Commissioned by the Australian Charities and Not-for-Profits Commission (ACNC), the report entitled:
Australian Charities and the Not-For-Profit Commission – Cutting Red Tape has its focus on ‘Options to align State, Territory and Commonwealth charity regulation’. It delves into the confusing and overly duplicated requirements for Charities to remain compliant on both an Industry, State and Commonwealth level.

Jumping through many Hoops

With many Charities and NFP organisations having multi-state representation, it was obvious, reading the report, that there was an urgent need for these regulations to be considerably reviewed.

Some major burdens were highlighted in the report not the least being that legislative arrangements had not kept pace with the development of contemporary fundraising such as web-based donations and crowdfunding. While residing in one state, organisations were having to be compliant in ALL states where the money was collected – even if only via the net.
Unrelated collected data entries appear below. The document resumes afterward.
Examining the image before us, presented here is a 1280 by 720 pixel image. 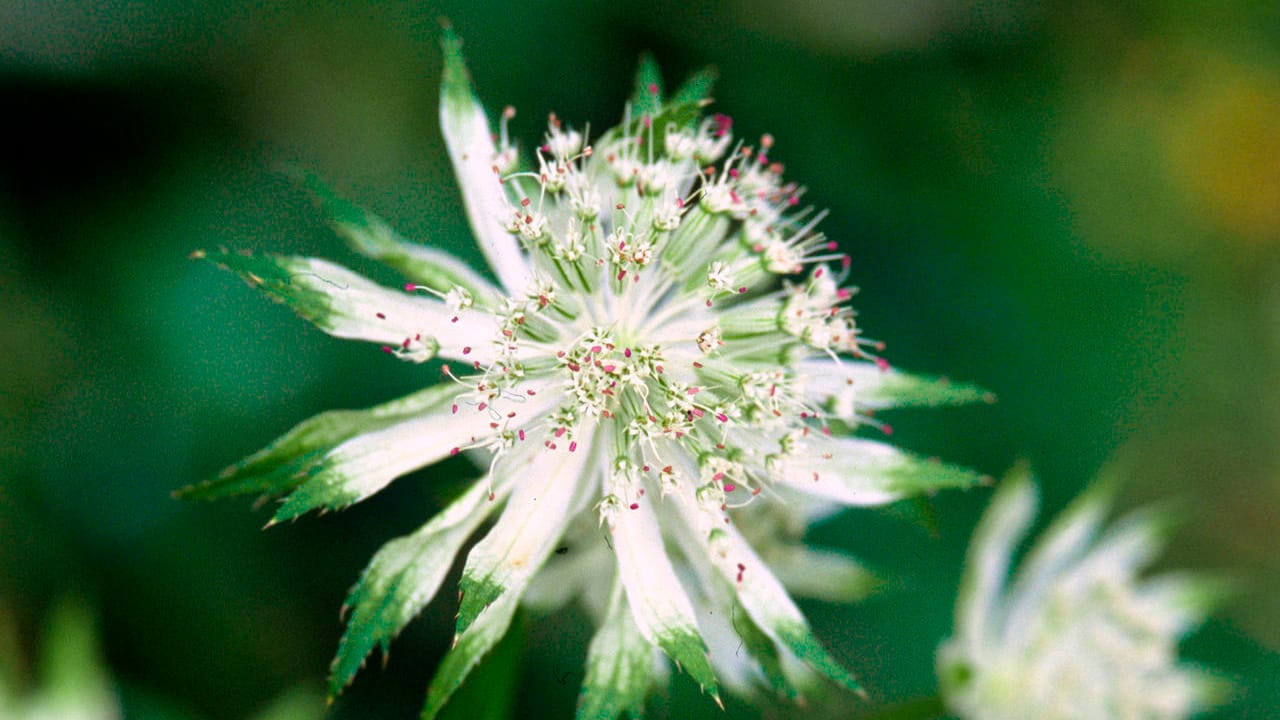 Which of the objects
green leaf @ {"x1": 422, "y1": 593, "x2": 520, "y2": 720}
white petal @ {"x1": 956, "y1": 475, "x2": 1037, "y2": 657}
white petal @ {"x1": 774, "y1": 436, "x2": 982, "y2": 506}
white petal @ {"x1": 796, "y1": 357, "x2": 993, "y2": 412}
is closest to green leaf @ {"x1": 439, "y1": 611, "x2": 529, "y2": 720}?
green leaf @ {"x1": 422, "y1": 593, "x2": 520, "y2": 720}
The resulting compliance costs effectively minimising their ability to operate at a sustainable level.

Variation between the States and Commonwealth in terms of compliance reporting was highlighted as a major concern with unnecessary burden being placed upon organisations.

Some Realistic Options

The basic idea of the commissioned report is that the requirements for charitable organisations in Australia needed to be updated to take into account the new environment. Changes in funding, especially considering the roll-out of the National Disability Insurance Scheme (NDIS), and to the manner in which fundraising and charity work was delivered, requires that the ACNC, State and Commonwealth Government should all somehow work towards an alignment of their policies and regulations.

Having developed a compelling argument for change, the report goes on to present a range of options which were put forward with a view to at least getting some movement to the current situation:

  • Base case – Continuation of the current arrangements
  • Option 1 – ACNC obligations fulfil State and Territory regulatory requirements
  • Option 2 – Alignment of State, Territory and ACNC regulatory obligations
  • Option 3 – ACNC as the central regulatory body

Initial recommendations highlighted the initial adoption of Option 1 being seen as the best “bang for the buck”. While this would see the least disruption to the present system, the potential for major savings would come with the adoption of Option 3 as the most efficient way to eliminate the Red Tape and minimise cost.

To put things in perspective, it is estimated that the present cost to the Australian Charity sector (approx. 54,000 organisations) is in the vicinity of $34.9m annually.

The options presented above would provide the following savings against the base case figure (above).

Option 1 – $14.31m

Option 2 – $19.60m

Option 3 – $29.38m

With the possibilities of achieving such impressive savings, it would stand to reason that some action has to be taken soon. The ongoing development of the charity and non-profit sector in Australia must be acknowledged by the regulators – these changes are well past their due date!